Filing Tax Return in the States

Holly-molly. That was confusing.
Just two months after I moved to Philadelphia, I got my first employment ever. With the job comes my first-ever paychecks and also my first-ever tax season (*). I thought I should wrote down something about it.
*: To be fair, I had filed tax return once, but it was in Canada and with the voluntary help from our accounting students. Back then, I virtually did nothing other than signing a few pages -- Kudos to them, those future accountants had also provided stamps.
In the US, you have to file your tax return to three levels of government:
  • Federal
  • State
  • City (rare; usually completed along with state tax return)
The first thing you will want to know is your status. You can be either:
  • nonresident alien,
  • resident alien, or
  • resident.
Generally, if you hold a permanent residency card ("green card") or citizenship in the US, you are considered a resident. Else, if you have stayed for more than half a year (seems does not need to be consecutive) and are not an exempt personnel, you are considered a resident alien. Else, you are a nonresident alien.
F-1 students are exempt personnels for their first 5 years in the US.
I guess the "exempt" in "exempt personnel" means that the personnel enjoys a lower tax rate than residents.
I have a friend who mistook themself as a resident alien for multiple years and got away with filing as one -- seems that IRS does not care too much if you are overpaying your tax dollars.
My university kindly provided coupons for international students at a for-profit tax preparation service. It was also this service that claimed that I did not have to file a tax return for the year 2017, which is odd.
Sadly the coupon covered only the federal package, not the state one. For a state-level tax return, the service asked for a whooping ~USD$25. Seeing that my state tax return turned out to be me owing the state money, and for a mere USD$1, I would regard the service fee as a bad bargain. Therefore, I decided to do my own state tax.
Pennsylvanians can file their state tax returns online for free directly on the governmental website. The website looks prehistoric (read: from the '90s), and the E-Signature User ID login option does not work as expected. I had to log in with my Pennsylvania Photo Card -- I'm so glad that I got one before the tax season.
PA has a Tax Forgiveness program. That basically means the more kids you have and the less you earn, the less tax you are supposed to pay. Guess that's one of the few reasons to have kids at all. For me as a single, unloved student, my earnings in 2017 fell into the basket of <$6,500 gross income.
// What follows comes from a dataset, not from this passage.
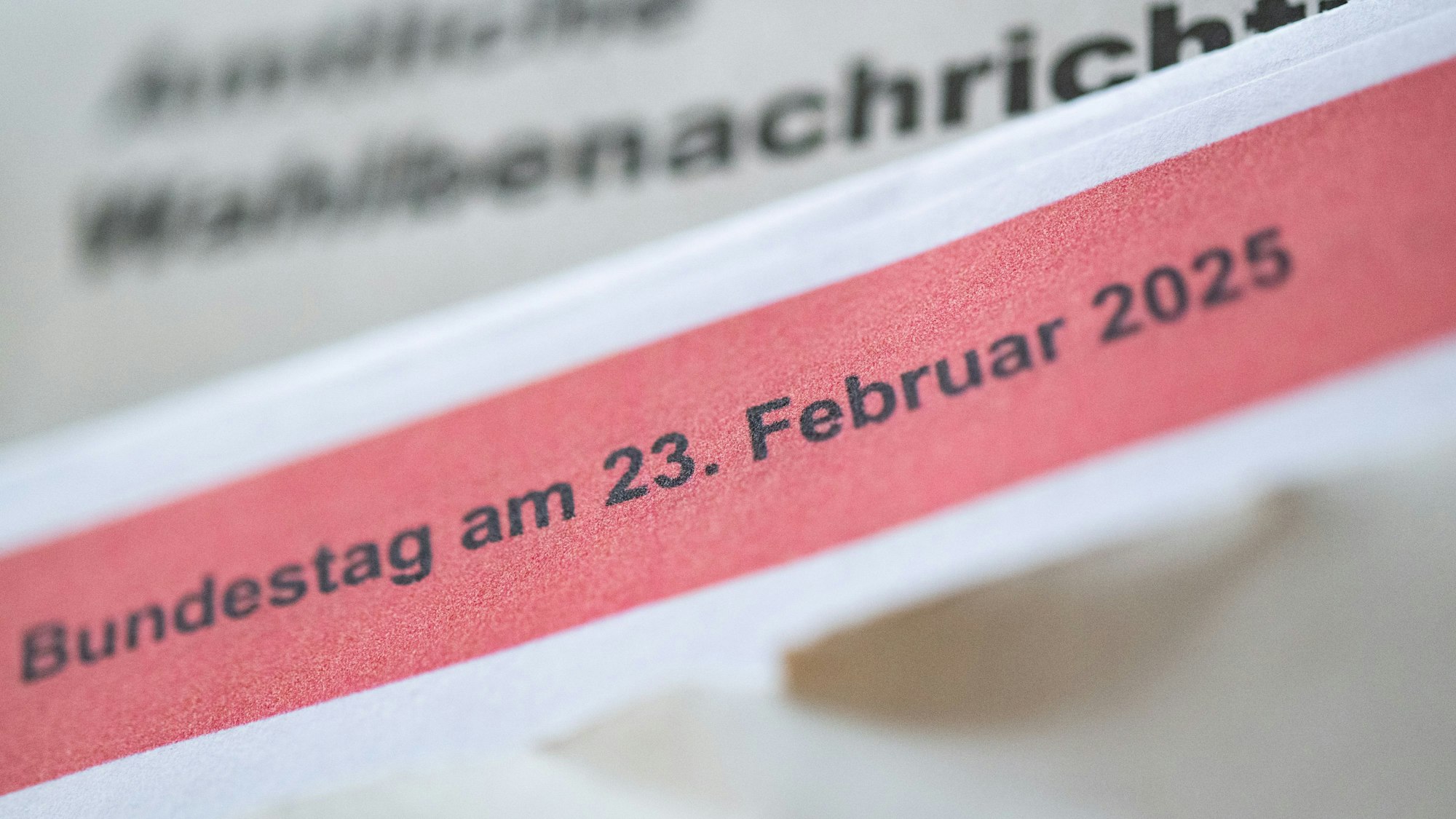 Eine geöffnete amtliche Wahlbenachrichtigung zur Wahl zum deutschen Bundestag am 23. Februar 2025 liegt auf einem Tisch.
This means that the state will give back my tax dollars pre-deducted (withheld, in more formal terms) from my salary. Free money, anyone?
Another caveat with state tax returns is the "use tax". Basically everything that ain't edible you bought are subject to this tax -- even if you made the purchase outside of Pennsylvania. Being a financially sloppy person myself, I had to sum up my credit card bills and gave an estimate.
As mentioned -- It turned out I owe the Commonwealth of Pennsylvania (full name of this lovely state!) USD$1, for which the Department of Revenue does not care to collect. In other words, I finished my state tax return without the hassle of sending/receiving money. Yay!